» Exercise inputs
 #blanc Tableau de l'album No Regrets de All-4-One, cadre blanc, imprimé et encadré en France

...

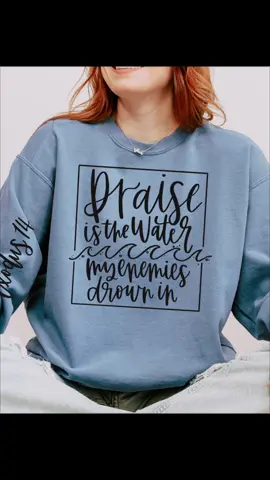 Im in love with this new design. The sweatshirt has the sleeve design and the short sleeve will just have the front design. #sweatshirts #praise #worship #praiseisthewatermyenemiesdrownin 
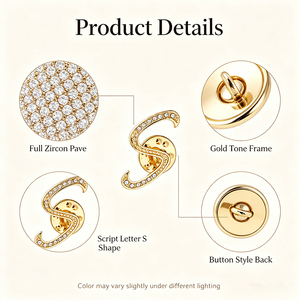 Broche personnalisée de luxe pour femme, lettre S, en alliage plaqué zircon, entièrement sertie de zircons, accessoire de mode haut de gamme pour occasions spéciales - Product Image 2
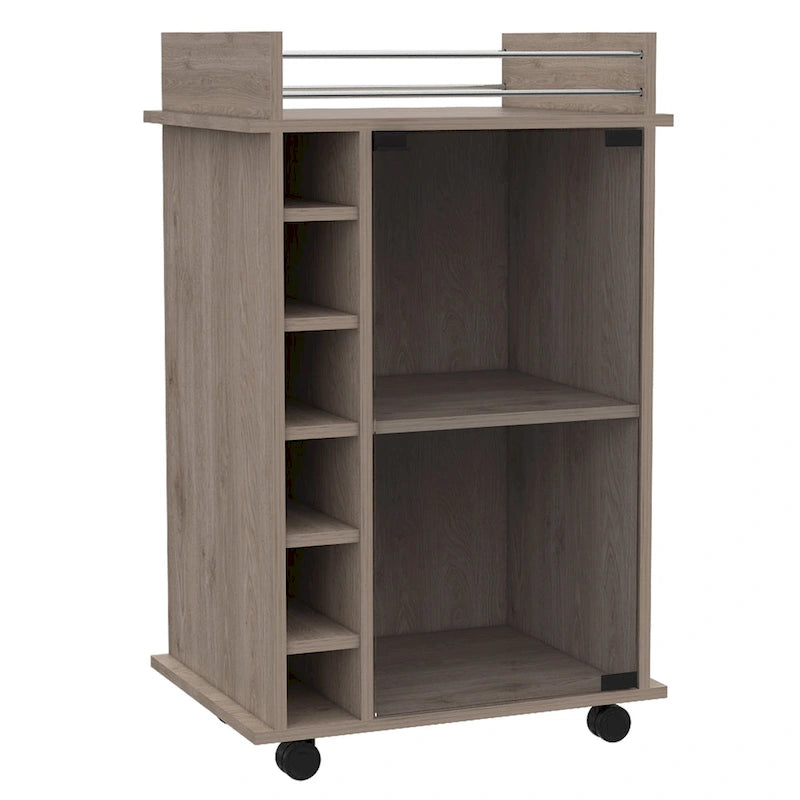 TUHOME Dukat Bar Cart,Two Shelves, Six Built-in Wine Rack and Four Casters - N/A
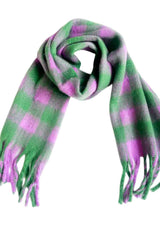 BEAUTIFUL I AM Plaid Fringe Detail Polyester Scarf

» Task to complete
Only the lines starting at the one with "Broche personnalisée de" and ending at the one with "BEAUTIFUL I AM" should be printed, each exactly as it appears in the material above; the pictures are to be omitted.

» Response
 Broche personnalisée de luxe pour femme, lettre S, en alliage plaqué zircon, entièrement sertie de zircons, accessoire de mode haut de gamme pour occasions spéciales - Product Image 2
 TUHOME Dukat Bar Cart,Two Shelves, Six Built-in Wine Rack and Four Casters - N/A
 BEAUTIFUL I AM Plaid Fringe Detail Polyester Scarf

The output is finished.